### EXERCISE REQUIREMENTS
Take the listing below and print exactly the lines starting at the line containing "Teksaslı kadın - ev" and ending at the line containing "Gerenoveerd en gemeubileerd", both ends included, and no others.

### ENTRIES SHOWN
⁂
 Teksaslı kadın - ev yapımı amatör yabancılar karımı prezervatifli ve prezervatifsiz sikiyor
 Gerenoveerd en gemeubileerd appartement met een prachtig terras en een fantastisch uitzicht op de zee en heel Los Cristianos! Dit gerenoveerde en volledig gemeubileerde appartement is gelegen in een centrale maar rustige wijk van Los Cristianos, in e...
⁂
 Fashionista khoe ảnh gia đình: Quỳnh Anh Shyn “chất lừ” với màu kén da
⁂
### OUTPUT
 Teksaslı kadın - ev yapımı amatör yabancılar karımı prezervatifli ve prezervatifsiz sikiyor
 Gerenoveerd en gemeubileerd appartement met een prachtig terras en een fantastisch uitzicht op de zee en heel Los Cristianos! Dit gerenoveerde en volledig gemeubileerde appartement is gelegen in een centrale maar rustige wijk van Los Cristianos, in e...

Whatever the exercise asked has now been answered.